[3D pose estimation task]
3D pose estimation aims to reproduce the 3D coordinates of a person appearing in an untrimmed 2D video. It has been extensively studied in literature with many real-world applications, e.g., sports [1], healthcare [2], games [3], movies [4], and video compression. Instead of fully rendering 3D voxels, this work narrows down the scope of discussion to reconstructing a handful number of body key-points (e.g., neck, knees, or ankles), which concisely represent dynamics of human motions in the real world.
[Challenges]
3D pose estimation for multi-person (3DMPPE) from a monocular video is particularly challenging and is still largely uncharted, far from applying to in-the-wild scenarios yet.

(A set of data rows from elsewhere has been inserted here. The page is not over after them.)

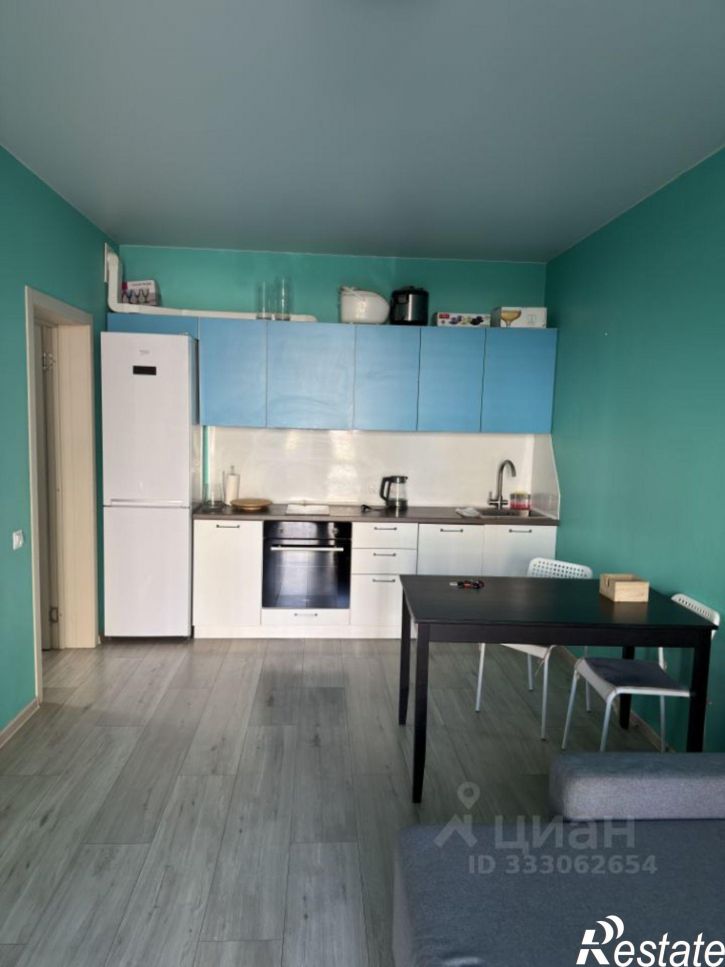3-комн квартира ул Адмирала Пустошкина, 22 2,  д. 22 2,  к. 2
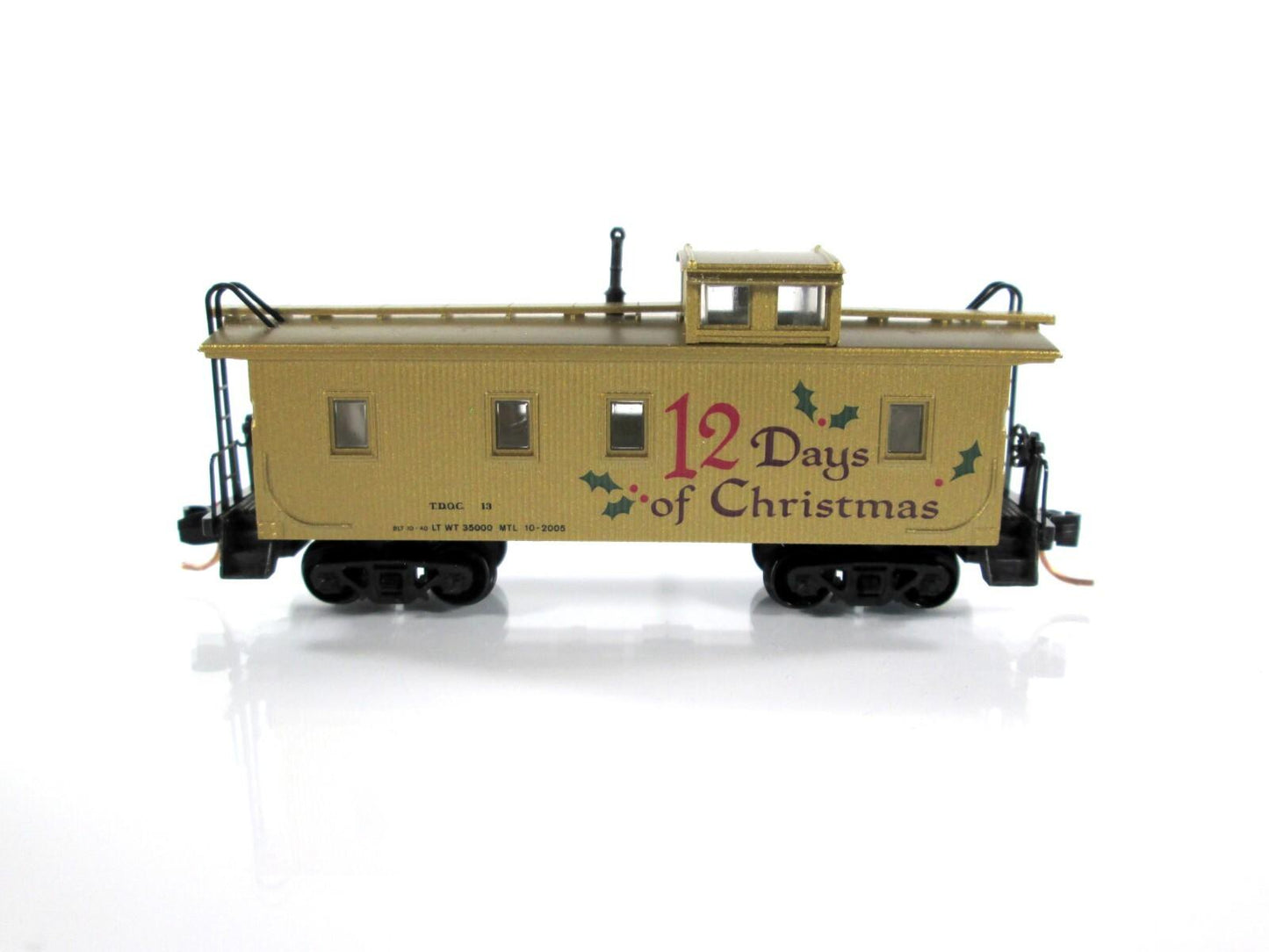 N Scale ***12 DAYS of CHRISTMAS*** 34' Wood Caboose ---- Micro Trains 05100250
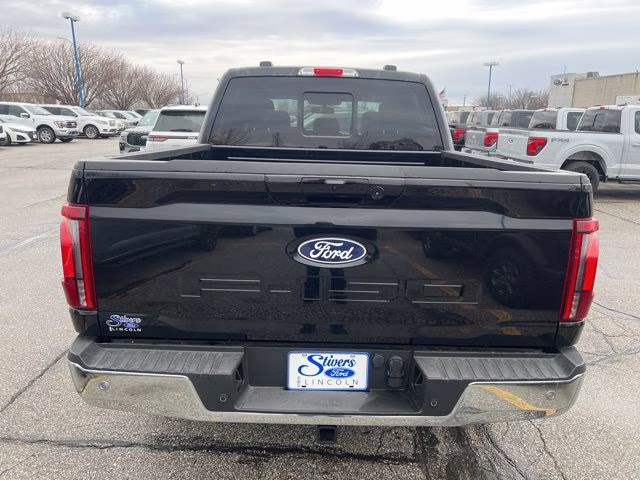 2025 Black Metallic Ford F-150 Lariat 4X4 Truck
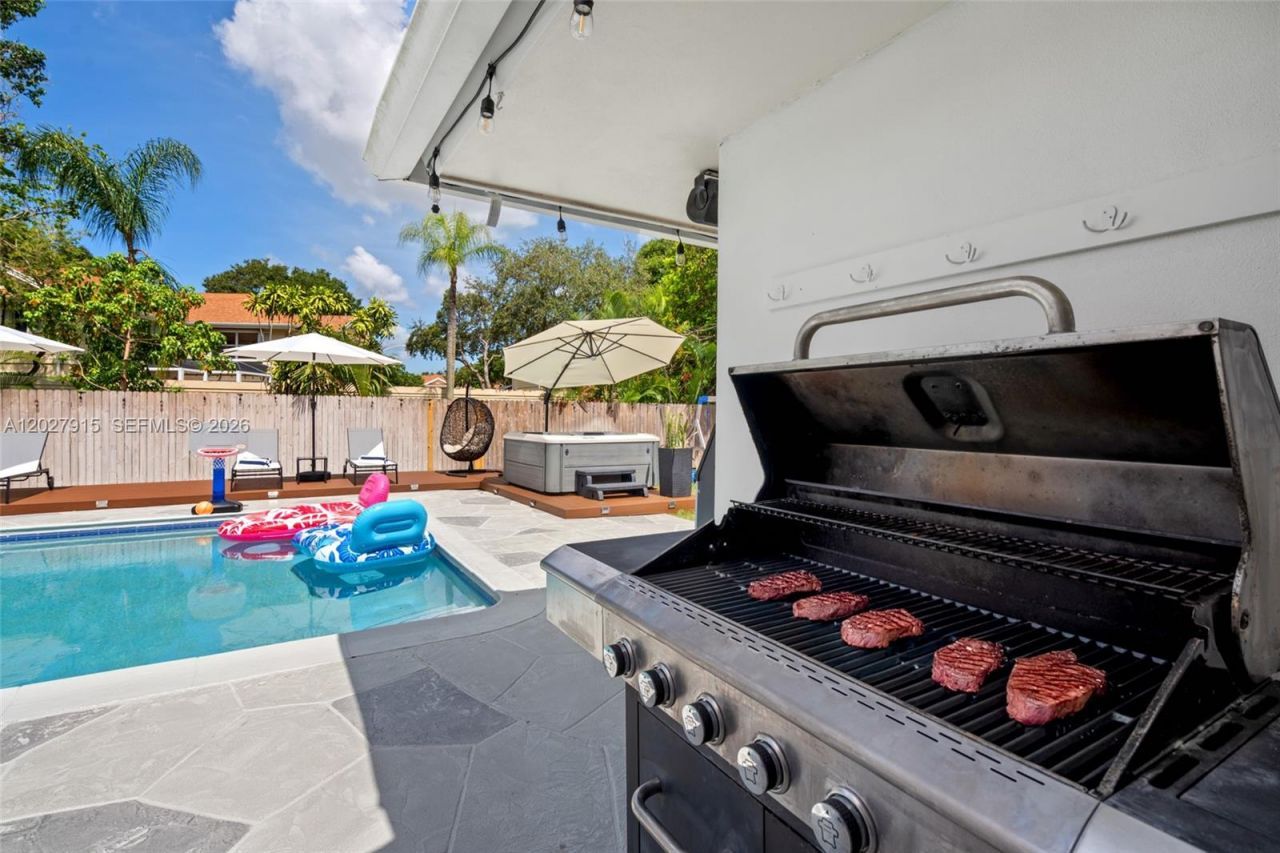 8101 W Lake Dr, Lake Clarke Shores, FL 33406 Photo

They pose three unresolved issues with the existing methods: lack of robustness on unseen views during training, vulnerability to occlusion, and severe jittering in the output.
[Proposed Method]
The proposed method, POTR-3D, realizes a seq2seq 2D-to-3D lifting model for 3DMPPE for the first time, and devises a simple but effective data augmentation strategy, allowing to generate an unlimited number of occlusion-aware augmented data with diverse views. Putting them together, the overall methodology effectively tackles the aforementioned three challenges in 3DMPPE and adapts well to in-the-wild videos.


Sungchan Park, Eunyi Lyou, Inhoe Lee, Joonseok Lee.
Proceedings of the 19th IEEE/CVF International Conference on Computer Vision (ICCV), 2023.